Salário mínimo sem aumento real
Saiba por que o salário mínimo do Brasil está entre os mais baixos do mundo
Em meio a uma crise social e econômica, pelo terceiro ano seguido Bolsonaro reajusta o salário mínimo sem aumento real
Sem aumento real, salário mínimo no Brasil permite comprar apenas 1,73 cesta básica
- Foto: Giorgia Prates
Começa mais um ano e, diante de uma crise financeira que faz com que 27,7 milhões de pessoas no Brasil estejam vivendo abaixo da linha da pobreza, os olhos e os bolsos dos trabalhadores se voltam ao anúncio do reajuste do salário mínimo.
Pelo terceiro ano seguido, no entanto, o governo Bolsonaro (PL) alterou o valor do salário mínimo apenas com o que é obrigatório pela Constituição: o reajuste de acordo com a inflação anual acumulada (medida pelo INPC, o Índice Nacional de Preços ao Consumidor).
Na prática, significa que não há aumento real no poder de compra. A partir desse mês de janeiro, o novo salário mínimo passou de R$ 1.100 para R$ 1.212.
Na realidade, esse valor ficou ainda mais baixo do que a inflação. O cálculo do governo, feito a partir de estimativas traçadas em dezembro, foi em cima de um índice menor do que o resultado oficial do INPC divulgado nesta terça-feira (11). Por causa disso, o reajuste do salário mínimo está, na verdade, 0,14 ponto percentual abaixo da inflação.

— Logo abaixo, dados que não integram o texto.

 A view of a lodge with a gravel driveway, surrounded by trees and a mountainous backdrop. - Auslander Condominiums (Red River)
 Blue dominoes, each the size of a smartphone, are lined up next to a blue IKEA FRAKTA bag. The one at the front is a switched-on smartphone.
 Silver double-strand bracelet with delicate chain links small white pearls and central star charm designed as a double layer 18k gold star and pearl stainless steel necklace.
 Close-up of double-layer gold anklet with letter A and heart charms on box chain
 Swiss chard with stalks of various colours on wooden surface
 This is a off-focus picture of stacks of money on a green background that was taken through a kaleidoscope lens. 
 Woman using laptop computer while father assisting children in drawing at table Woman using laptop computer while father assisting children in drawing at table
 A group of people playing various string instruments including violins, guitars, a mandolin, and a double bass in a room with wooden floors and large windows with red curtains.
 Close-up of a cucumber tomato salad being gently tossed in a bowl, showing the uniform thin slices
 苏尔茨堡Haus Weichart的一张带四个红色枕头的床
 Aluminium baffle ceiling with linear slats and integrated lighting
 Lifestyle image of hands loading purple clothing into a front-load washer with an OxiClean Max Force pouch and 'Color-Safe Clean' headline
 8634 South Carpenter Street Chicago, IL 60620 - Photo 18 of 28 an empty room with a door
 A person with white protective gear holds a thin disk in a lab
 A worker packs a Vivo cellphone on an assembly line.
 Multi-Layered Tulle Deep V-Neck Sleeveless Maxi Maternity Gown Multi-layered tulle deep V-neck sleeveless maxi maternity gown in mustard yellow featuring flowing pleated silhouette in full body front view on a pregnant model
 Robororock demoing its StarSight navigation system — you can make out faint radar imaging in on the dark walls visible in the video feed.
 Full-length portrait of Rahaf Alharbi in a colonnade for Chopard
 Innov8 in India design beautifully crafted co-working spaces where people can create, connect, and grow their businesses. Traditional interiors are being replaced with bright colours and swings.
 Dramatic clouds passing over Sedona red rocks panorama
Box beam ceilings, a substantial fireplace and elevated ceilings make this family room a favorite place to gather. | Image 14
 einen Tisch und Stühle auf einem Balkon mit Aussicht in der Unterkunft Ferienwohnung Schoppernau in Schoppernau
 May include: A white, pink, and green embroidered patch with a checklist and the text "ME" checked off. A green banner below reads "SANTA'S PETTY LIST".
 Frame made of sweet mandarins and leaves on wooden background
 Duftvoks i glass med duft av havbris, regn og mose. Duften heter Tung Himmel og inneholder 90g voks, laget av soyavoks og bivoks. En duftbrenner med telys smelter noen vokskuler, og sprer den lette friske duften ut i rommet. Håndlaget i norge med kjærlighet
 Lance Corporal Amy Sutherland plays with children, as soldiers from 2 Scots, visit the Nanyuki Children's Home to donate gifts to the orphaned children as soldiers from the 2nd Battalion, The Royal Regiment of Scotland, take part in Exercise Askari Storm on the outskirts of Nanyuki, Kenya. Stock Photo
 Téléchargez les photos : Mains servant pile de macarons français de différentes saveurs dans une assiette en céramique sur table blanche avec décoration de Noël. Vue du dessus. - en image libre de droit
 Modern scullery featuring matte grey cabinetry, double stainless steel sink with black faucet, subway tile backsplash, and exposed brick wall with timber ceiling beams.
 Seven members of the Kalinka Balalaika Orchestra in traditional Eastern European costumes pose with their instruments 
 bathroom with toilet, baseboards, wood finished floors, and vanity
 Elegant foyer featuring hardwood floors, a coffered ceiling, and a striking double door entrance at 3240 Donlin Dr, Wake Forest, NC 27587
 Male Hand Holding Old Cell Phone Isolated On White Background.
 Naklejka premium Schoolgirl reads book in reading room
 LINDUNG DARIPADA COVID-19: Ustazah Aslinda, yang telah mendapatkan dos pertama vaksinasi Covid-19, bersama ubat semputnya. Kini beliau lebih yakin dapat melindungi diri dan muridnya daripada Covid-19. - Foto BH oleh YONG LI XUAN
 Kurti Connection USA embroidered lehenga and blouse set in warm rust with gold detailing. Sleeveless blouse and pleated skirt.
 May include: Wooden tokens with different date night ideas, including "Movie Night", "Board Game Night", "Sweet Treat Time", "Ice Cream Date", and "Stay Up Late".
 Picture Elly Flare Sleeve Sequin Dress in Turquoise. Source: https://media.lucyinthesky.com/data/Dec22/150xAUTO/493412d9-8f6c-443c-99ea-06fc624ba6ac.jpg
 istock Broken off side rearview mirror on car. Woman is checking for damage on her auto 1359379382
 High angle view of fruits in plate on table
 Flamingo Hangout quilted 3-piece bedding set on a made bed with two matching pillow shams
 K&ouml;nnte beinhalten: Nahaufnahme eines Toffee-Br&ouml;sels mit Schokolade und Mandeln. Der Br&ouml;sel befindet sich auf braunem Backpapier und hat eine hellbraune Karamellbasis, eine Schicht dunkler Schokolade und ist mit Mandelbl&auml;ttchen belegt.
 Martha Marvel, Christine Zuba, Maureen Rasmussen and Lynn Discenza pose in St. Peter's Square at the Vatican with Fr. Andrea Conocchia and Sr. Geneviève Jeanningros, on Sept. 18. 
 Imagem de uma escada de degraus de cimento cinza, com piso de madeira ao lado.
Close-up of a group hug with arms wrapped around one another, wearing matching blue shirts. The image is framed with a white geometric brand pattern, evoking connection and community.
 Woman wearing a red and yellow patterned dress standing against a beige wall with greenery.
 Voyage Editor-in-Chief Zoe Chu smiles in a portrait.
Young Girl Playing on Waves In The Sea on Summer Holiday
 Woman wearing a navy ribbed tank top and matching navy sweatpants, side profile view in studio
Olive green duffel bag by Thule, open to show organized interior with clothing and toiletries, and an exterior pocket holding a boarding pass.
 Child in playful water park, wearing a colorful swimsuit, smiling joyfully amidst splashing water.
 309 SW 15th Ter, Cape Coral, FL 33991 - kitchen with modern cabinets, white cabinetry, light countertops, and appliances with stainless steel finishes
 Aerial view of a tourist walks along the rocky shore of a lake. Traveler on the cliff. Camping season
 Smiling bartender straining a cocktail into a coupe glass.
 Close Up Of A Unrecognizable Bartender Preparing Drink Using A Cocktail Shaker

Isso porque, embora o reajuste nominal do mínimo tenha sido de 10,19%, contra uma inflação de 10,16%, conforme nota técnica do IBGE publicada quando o novo salário foi anunciado, este índice de reajuste incluía um valor residual que não havia sido reposto quando o mínimo tinha sido reajustado, no início de 2021. Para efetivamente repor a inflação, o valor para 2022 deveria ser de R$ 1.213,54.
Questionado sobre essa defasagem, o Ministério da Economia afirmou ao Brasil de Fato que "há incerteza inerente às estimações" e que essa correção virá apenas no reajuste do ano que vem. É a segunda vez consecutiva que isto ocorre.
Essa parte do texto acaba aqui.